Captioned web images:
● ● ● ● ●
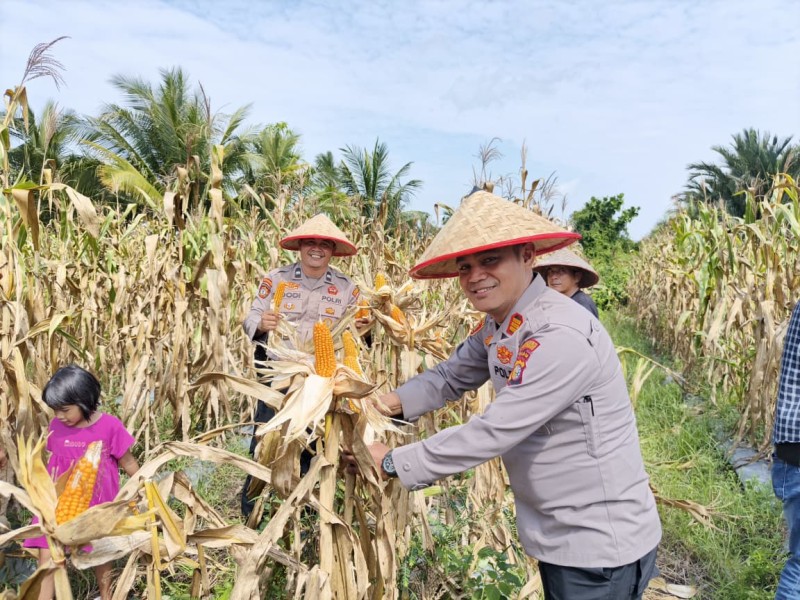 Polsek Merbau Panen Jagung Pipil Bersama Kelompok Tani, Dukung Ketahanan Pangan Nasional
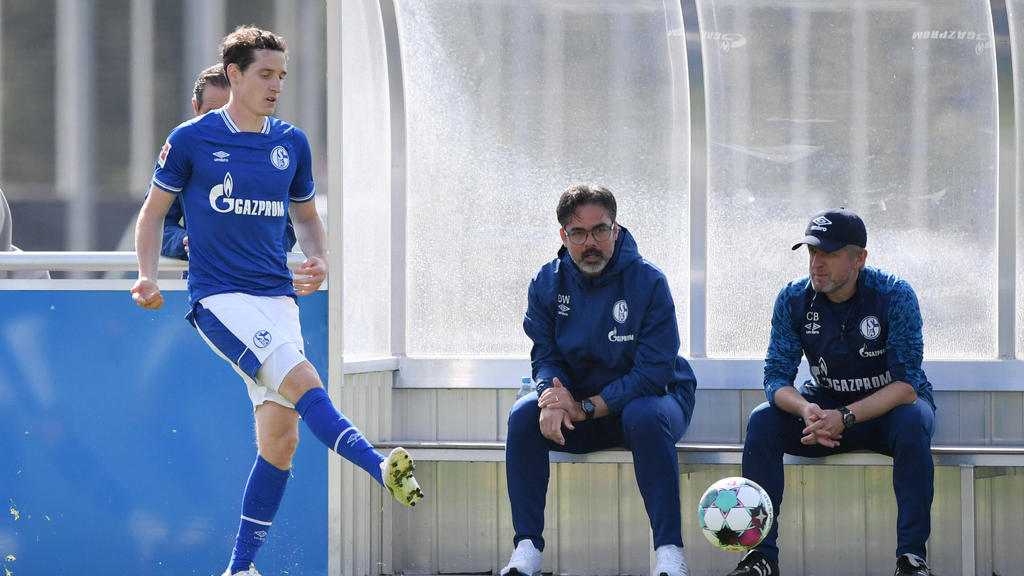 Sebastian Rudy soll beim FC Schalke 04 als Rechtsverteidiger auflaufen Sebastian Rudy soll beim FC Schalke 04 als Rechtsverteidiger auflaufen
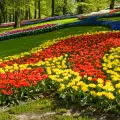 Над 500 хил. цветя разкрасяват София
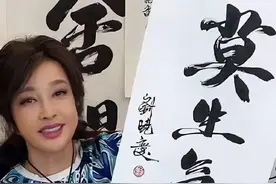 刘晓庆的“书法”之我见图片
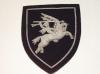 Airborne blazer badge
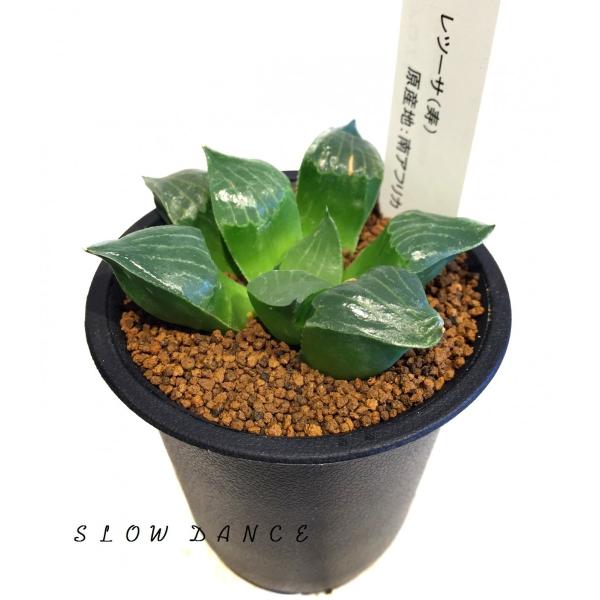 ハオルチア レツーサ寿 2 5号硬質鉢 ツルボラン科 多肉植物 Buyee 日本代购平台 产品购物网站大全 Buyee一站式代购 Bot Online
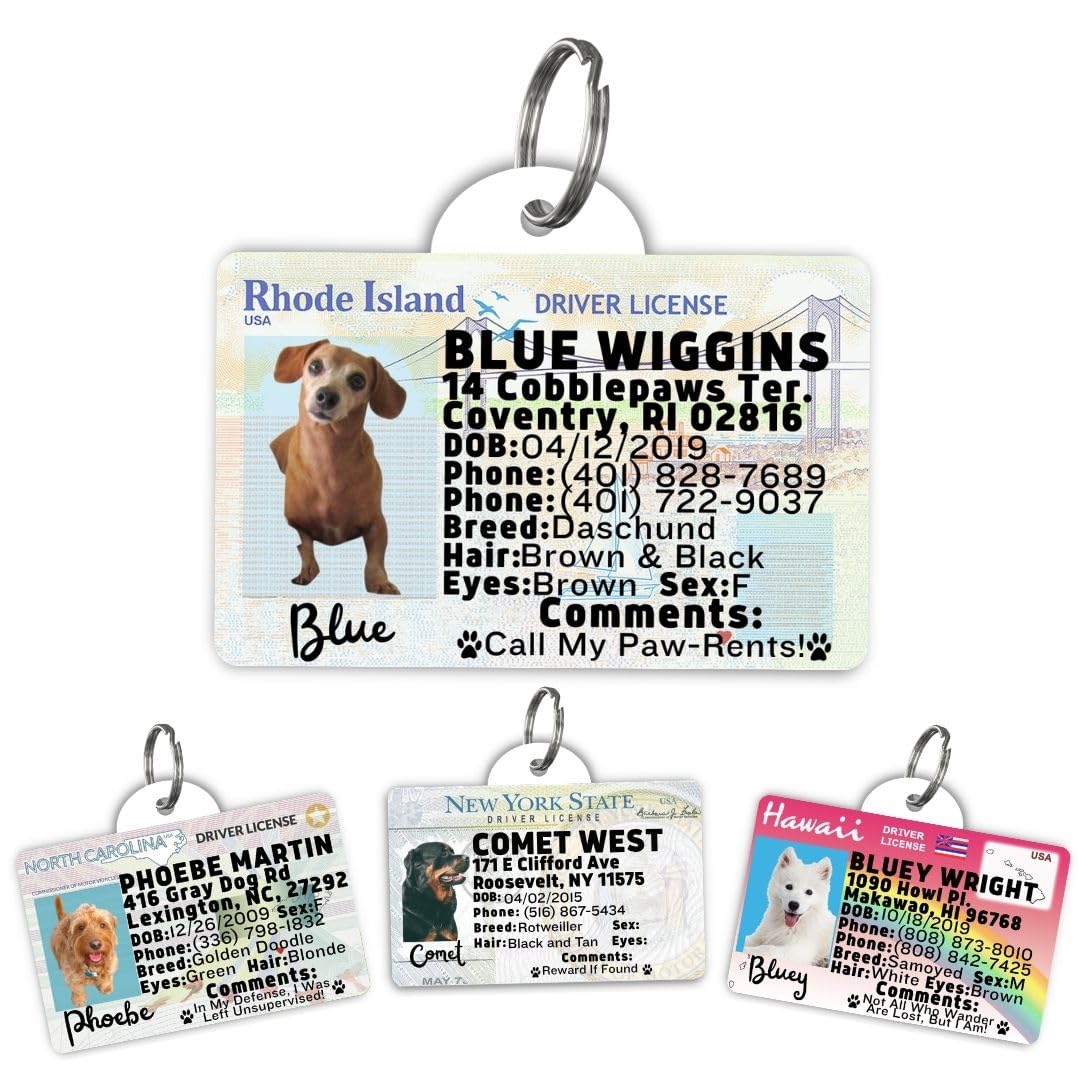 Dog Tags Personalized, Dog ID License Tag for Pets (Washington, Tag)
● ● ● ● ●
◆ **TASK BRIEF**
Retype precisely, and only, the lines from the one holding "Airborne blazer badge" through the final line of the data above, with the pictures omitted.

◆ **RESULT OF THIS TASK**
 Airborne blazer badge
 ハオルチア レツーサ寿 2 5号硬質鉢 ツルボラン科 多肉植物 Buyee 日本代购平台 产品购物网站大全 Buyee一站式代购 Bot Online
 Dog Tags Personalized, Dog ID License Tag for Pets (Washington, Tag)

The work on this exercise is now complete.